Il viaggio e la musica di Willy Vlautin continuano a vivere ‘on the road’, la descrizione di un allontamento in forma di fuga liberatoria dal passato, prossimo o remoto, è ancora capace di restituirci fotografie e luce del paesaggio industriale, della desolazione dei tracciati ferroviari, di cieli grigi, dello squallore degli ambienti che ci circondano ma i Richmond Fontaine in questo modo, giocano le solite carte che vengono mischiate col solito mestiere ma stavolta il mazzo appare più fiacco del solito.
We Used to Think the Freeway Sounded Like a River, titolo ‘chilometrico’ tanto per restare in tema, attraversa lo stesso universo di tristezza che univa Post to Wire, The Fitzgerald e Thirteen Cities, ritroviamo le doti da romanziere di Willy Vlautin che continua a sporcare con la realtà le sue canzoni colma di loosers, squattrinati ubriachi, giocatori incalliti, gangsters, donne che non amano molto i loro figli, tra bar, motel, truck-stop coffee e anfratti di un America che non abbassa mai la saracinesca.

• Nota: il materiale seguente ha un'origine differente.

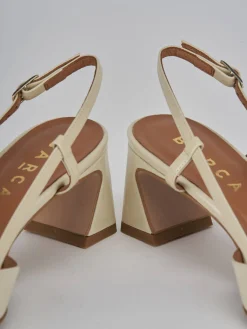 Slingback tacco 5cm pelle beige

Brani scritti durante il tour di Thirteen City e sulla strada Vlautin ha saputo della morta di sua madre e con i postumi di un grave infortunio che lo ha costretto a letto per molti mesi, quel periodo triste ed introspettivo non poteva che riversarlo nel suo nuovo ‘romanzo’ in musica. Un operazione intellettualmente sempre stimolante ma che si svolge stavolta su terreni che sembrano rischiosi, scivolosi, ed infatti non sempre riesce a mettere pienamente d'accordo le intenzioni con i risultati: il piano e la soffusa dolcezza della title-track sulle disamine di una coppia che gioca con il fato nella speranza di un giorno migliore e l’amicizia di You Can Move Back Here illuminano il passato dei Richmond Fontaine però contagiato da pop e tastiere anche nella breve (per fortuna) strumentale Northwest (meglio allora la tristezza di Sitting Outside my Dad’s Old House) o nella nostalgica ma scialba Watch Out.

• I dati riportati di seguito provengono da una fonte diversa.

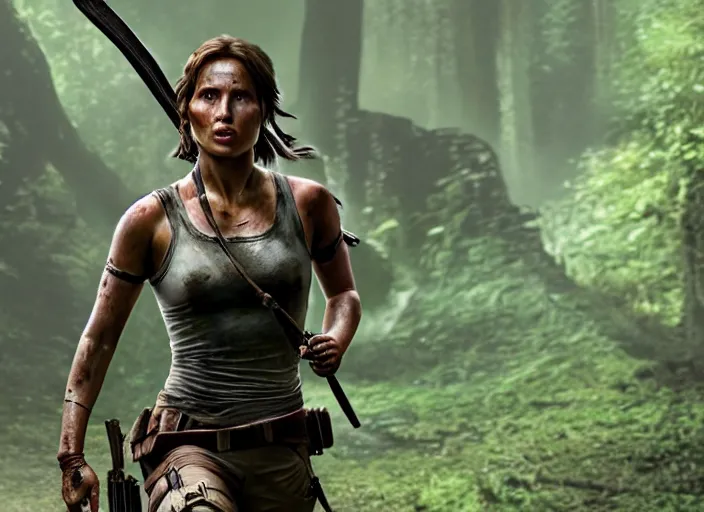 Image similar to film still of!!!! daisy edgar - jones!!! as lara croft in new tomb raider movie, 8 k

I tempi deprimenti e la paura costituiscono l’immaginario della band che la meravigliosa tromba di Paul Brainard in The Boyfriends ti si incolla addosso e d’altronde non sono certo gli affreschi di persone che girano a vuoto a mancare, da Lonnie, a 43, a Ruby And Lou, alla vignetta di A Letter To The Patron Saint Of Nurses, alle persone che non sanno cosa stanno cercando come descrive la sinuosa The Pull, brillante disamina della scorrere lento della vita di un trentenne boxer caduto in un baratro che lo ha svuotato di ogni senso logico, che sembra essere poi la particolarità della band, la vita dura che non simpatizza per il lieto fine.
Ma il vero peccato e dimenticarsi dell’elettrico, piace Maybe We Were Both Born Blue o la schitarrata nervosa di 43 immersa nella paranoia di un divorzio, tra conti da pagare e la tentazione di intraprendere strade dal facile guadagno nell’illegalità o quel filino country aggiunto nella tosta Lonnie, ma francamente la cupa malinconia nel finale del cello di Ruby And Lou, la strumentale Walking Back To Our Place At 3 A.M. e la rabbiosa giovane ragazza madre protagonista dei 6 claustrofobici minuti di Two Alone non bastano più come in passato, stavolta lo sprofondare in quella sottile sofferenza interiore che nasce dallo scontro tra un dovere che si sente necessario e le ragioni di esistere degli altri ha perso qualcosa. Per strada, naturalmente.